» WHAT YOU WILL DO
Print the records below exactly, from the line containing "Dogecoin Price Prediction: DOGE" down to the line containing "MY BONNIE [VINYL]", both lines included, and omit every picture.

» INPUT DATA
[Start of section]

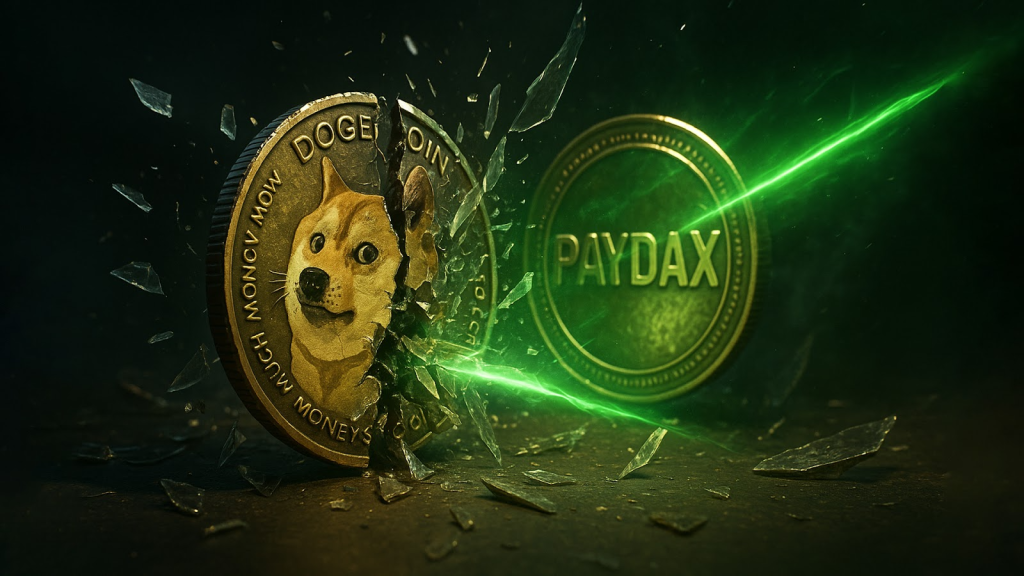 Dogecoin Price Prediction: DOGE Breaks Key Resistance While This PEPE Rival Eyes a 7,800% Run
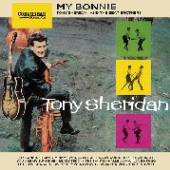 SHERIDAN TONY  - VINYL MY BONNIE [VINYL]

[End of section]
[Start of section]

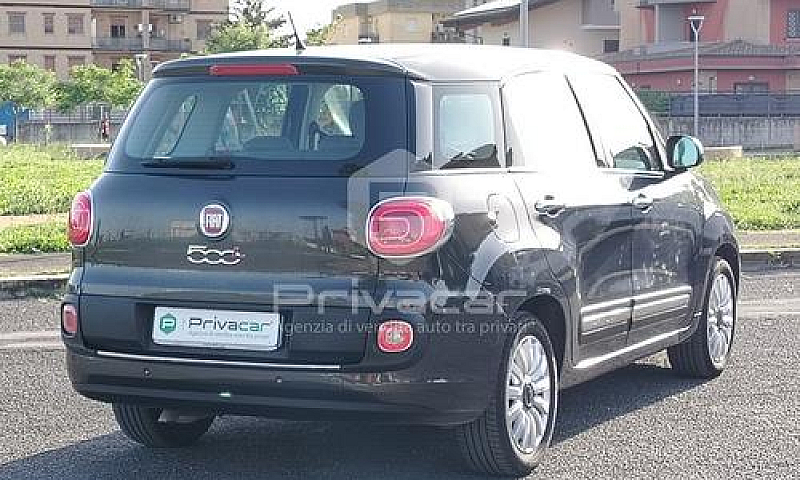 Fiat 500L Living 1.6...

[End of section]

» RESPONSE TO THE TASK
 Dogecoin Price Prediction: DOGE Breaks Key Resistance While This PEPE Rival Eyes a 7,800% Run
 SHERIDAN TONY  - VINYL MY BONNIE [VINYL]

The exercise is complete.